Handleman was a journalist in Russia during the late 1980s and early 1990s, and he scored an impressive number of interviews with people on both side of the explosion of crime that rocked the country: police officers and officials, but also criminals of various stripes, ranging from hardcore godfathers to more or less ordinary business people who are forced to engage in illegal activity or team up with the local mafiya in order to survive. It’s an engaging read, and a window into a world that most Westerners like to imagine–we always knew Russia was bad!–but fail to understand.
The key point in “Comrade Criminal,” and the thing that explains so much of post-Soviet (and pre-Soviet, for that matter) Russia, is the strange dance between crime and government there. Handleman delves into the Vorovskoi mir, the “Thieves’ world,” and its culture of “Vory v zakonye,” or “Thieves in the law,” a kind of ascetic mafia in which members eschewed ties to mainstream culture and considered it a mark of honor not to engage in any kind of government service. This left these thieves peculiarly untouched by Soviet moral and practical corruption, while they had a tightly-knit society that maintained internal order and took care of its own.

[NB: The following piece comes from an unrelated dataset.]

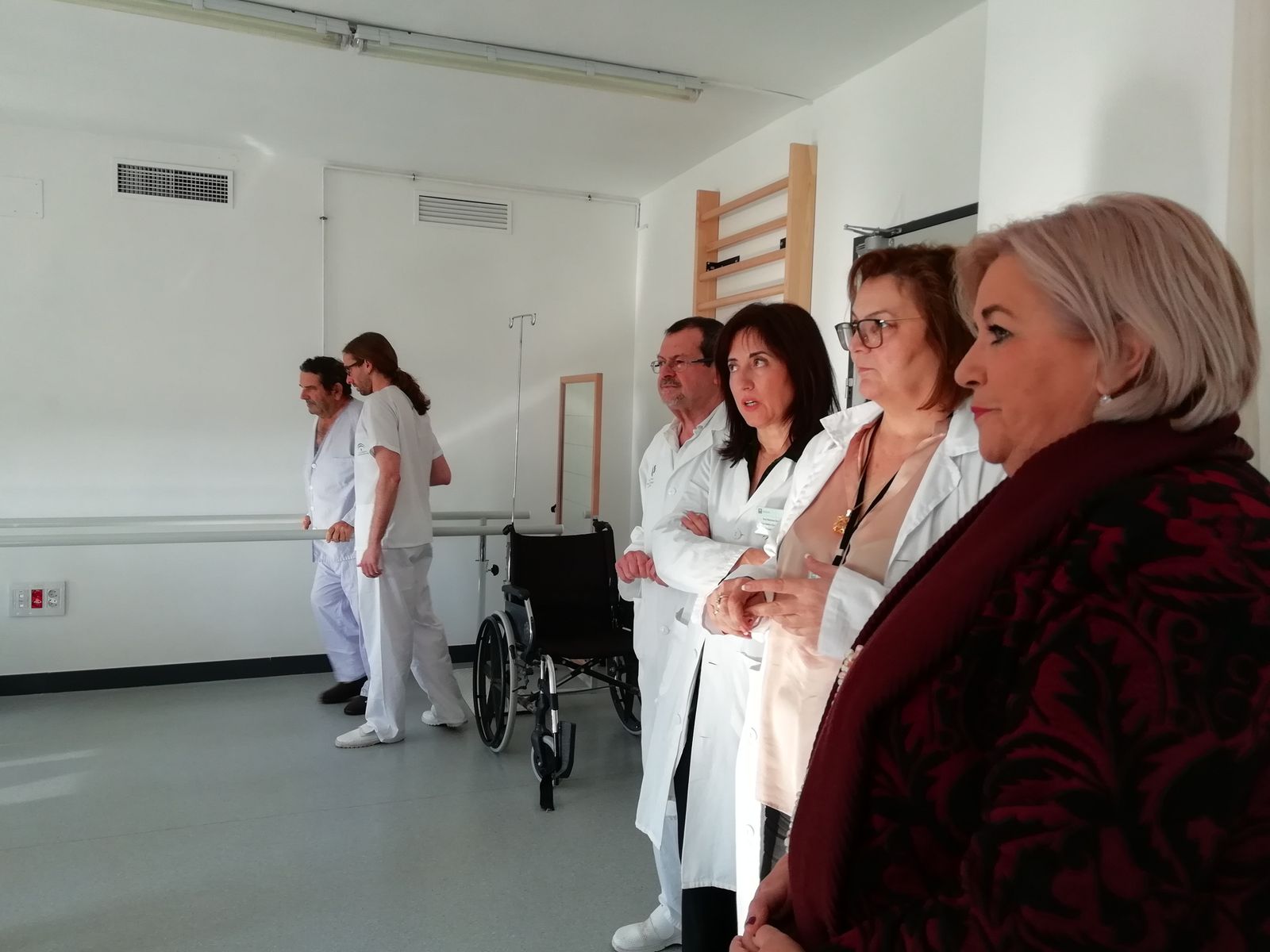 Manuela Caro y Paloma Hergueta en la sala de fisioterapia del Infanta Elena.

In the chaos of the dissolution of the Soviet Union, this was seen by many to be a good thing, with the Vory v zakonye operating as a kind of shadow government that was often more effective than the actual government.
On the other side Handleman describes the Avtoritety, the “Authorities,” who were part of the Soviet and then post-Soviet government, carrying out criminal operations on a massive scale. The problem was that the Soviet system couldn’t operate according to its own laws, so a certain amount of criminality was essential to keep things functioning at all, leading to an inextricable relationship between government, crime, and business.
The result, as Handleman discusses, is a country that was drowning in criminality but needed that criminality in order to keep going, even as people placed law and order and security above more abstract considerations such as freedom of expression. We see the result today in an increasingly authoritarian Russian government that nonetheless is popular with the people, who look to it to try to keep some kind of a lid on crime and corruption, which they see as the result of freedom and democracy. “Comrade Criminal” is more than 20 years old, but it is an enlightening read for anyone who wants to understand current events in the largest country on the globe.